--- Information shown ---

************

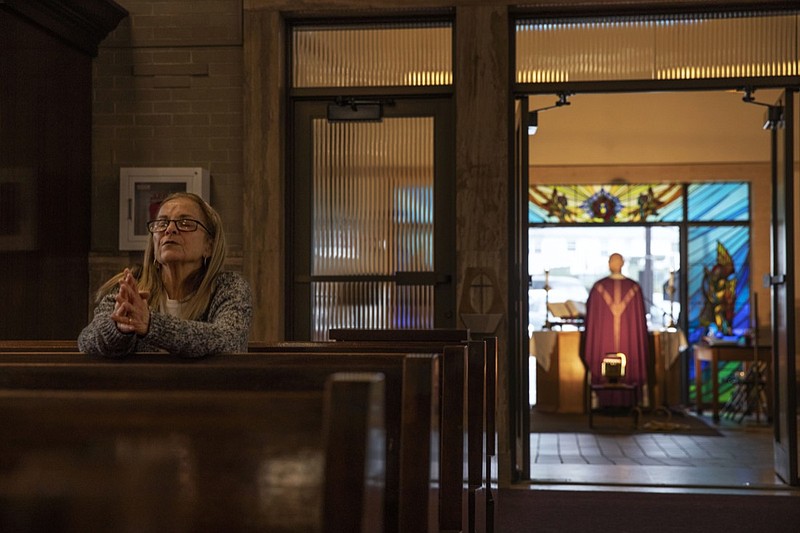 FILE - Fran DiBiasio sits alone in Our Lady of Grace Catholic Church as Rev. Peter Gower celebrates Mass from the front door as worshippers listen over the radio from their cars in the parking lot, Sunday, March 29, 2020, in Johnston, R.I. For the first time in nearly two decades, only half of U.S. households donated to a charity, according to a study released Tuesday, July 27, 2021. Experts say many factors are contributing to the decline. The percentage of Americans who give to religious causes has decreased in tandem with attendance at worship services as the number of Americans not affiliated with any religion grows. (AP Photo/David Goldman, File)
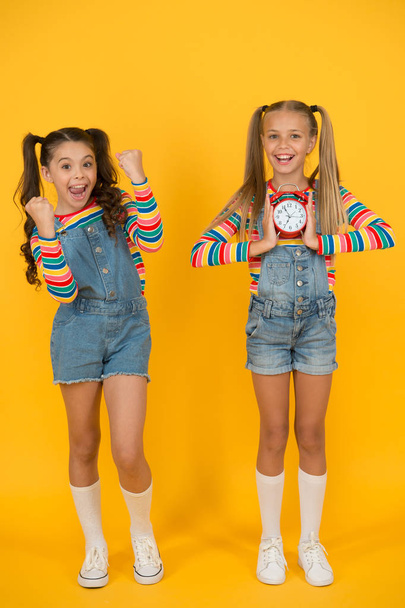 two happy girls hold alarm clock. back to school. summertime. discipline and time management. teenage girls yellow wall. children vintage clock. counting for lunch time. children break concept - Foto, Imagem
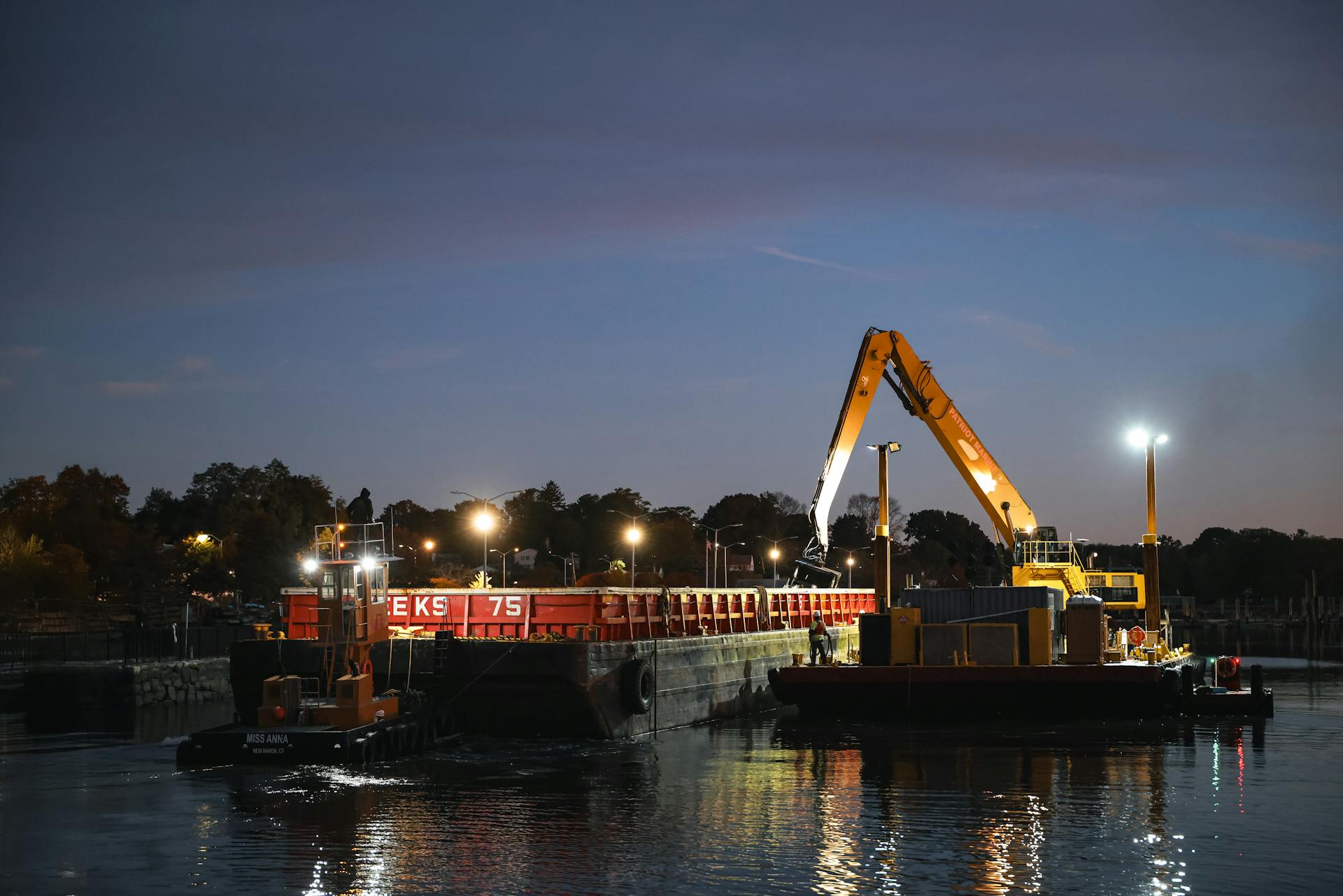 Heavy equipment dredging at dusk in Stamford Marina, Connecticut, creating a striking industrial scene.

************

--- Exercise goal ---
Please repeat, exactly as written, only the lines from the line with "two happy girls" to the end of the data, leaving out every picture.

--- Solution to this exercise ---
 two happy girls hold alarm clock. back to school. summertime. discipline and time management. teenage girls yellow wall. children vintage clock. counting for lunch time. children break concept - Foto, Imagem
 Heavy equipment dredging at dusk in Stamford Marina, Connecticut, creating a striking industrial scene.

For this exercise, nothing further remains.